Raymond Burr had a bipolar career. On TV, he was a crime-fighting hero on several shows, especially Perry Mason. In films, he was an archetypal heavy of especially frightening depths, a villain of various degrees of psychopathology in noir films and westerns. Rear Window is the most famous example. The Brass Legend is a minor one, freshly released as a made-on-demand DVD-R from MGM Limited Editions.
Burr plays an outlaw who sneaks into town to see his girlfriend (Reba Tassell, what a name), a fiery bargirl who loves the lug. They lounge on a bed while Burr remarks, “A sheriff as slow as old Bates deserved to die, him and those deputies of his. I did the county a favor by getting rid of those yellow-bellies.”

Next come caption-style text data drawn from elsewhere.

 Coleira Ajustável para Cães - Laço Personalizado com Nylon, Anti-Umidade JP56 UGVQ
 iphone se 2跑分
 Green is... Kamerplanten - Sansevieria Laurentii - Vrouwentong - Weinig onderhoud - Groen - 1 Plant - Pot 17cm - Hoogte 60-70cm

He’s captured right away by the impossibly upright, good-looking, fast-drawing new sheriff (Hugh O’Brian, TV’s Wyatt Earp). The latter has a conflict with his bland fiancée (Nancy Gates), the only other woman in town, who wants him to quit before his year is up and join her father’s ranch. He has a better relationship with his girlfriend’s adolescent brother (Donald MacDonald), who idolizes him and gleans tips on shooting and riding. This boy gets the drama going by spotting the outlaw and telling the sheriff, leading to tension that puts the kid in danger.
Although inessential, the movie has several virtues that reveal an era when these B-pictures were cranked out with professional aplomb. It’s influenced by TV in its modest character-based story, tightly plotted running time, and unpretentious style. Charles Van Enger’s deep-focus photography is good and allows director Gerd Oswald to stage scenes in depth, with characters moving from background to foreground or the camera dollying up and back.

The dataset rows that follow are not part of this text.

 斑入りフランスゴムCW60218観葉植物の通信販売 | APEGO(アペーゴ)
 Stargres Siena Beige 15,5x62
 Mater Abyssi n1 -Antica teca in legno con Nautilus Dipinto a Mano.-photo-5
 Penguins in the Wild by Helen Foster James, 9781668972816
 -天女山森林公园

Don Martin’s screenplay juggles many characters with nuance, to create a picture of a morally ambiguous town whose people are subject to manipulation and conflicting impulses; this is a post-Nigh Noon movie. The media is represented by a jaded newspaper editor who inflames the situation and receives karma for it.
The sheriff has a couple of insightful speeches on why he hates being a lawman (although he’s good at it) and how he looks forward to turning in his badge. He suggests that when quits, the town will get the sheriff it wants and deserves, a killer no better than the thugs he pursues. Paul Dunlap’s score uses a harmonica for the sheriff’s theme, underscoring his sense of loneliness and isolation in a job that oppresses him.
Oswald, the son of immigrant German director Richard Oswald, worked mostly in TV and did outstanding work there, including a few expressive episodes of Perry Mason and many of The Outer Limits (including the brilliant “The Forms of Things Unknown”). Much of his TV work is westerns; in fact, he’d recently done a remake of The Ox-Bow Incident, one of the original morally-compromised-towns westerns, for The 20th Century Fox Hour. Though this film is in TV scale, he directed the more startling A Kiss Before Dying in color and widescreen the same year.
Andrew Sarris praises him in the Expressive Esoterica section of The American Cinema:
“A fluency of camera movement is controlled by sliding turns and harsh stops befitting a cinema of bitter ambiguity. Oswald’s success in imposing a personal style on such otherwise routine westerns as The Brass Legend and Fury at Showdown on shooting schedules ranging from five to seven days should serve as an object lesson to young directors who complain that they lack the time to get their films just right. There are paranoiac overtones in all his films, and the anti-Nazi symbolism is never too hard to detect”.
Thus, this movie is also an object lesson in another way: the advantages of looking at a minor B-picture in the context of a director’s career. Also a writer’s career, for Martin’s several B-westerns of the decade often have elements of paranoia and community corruption. Another for the same company (Robert Goldstein Productions) is Stranger on Horseback, directed by another notable auteur, Jacques Tourneur.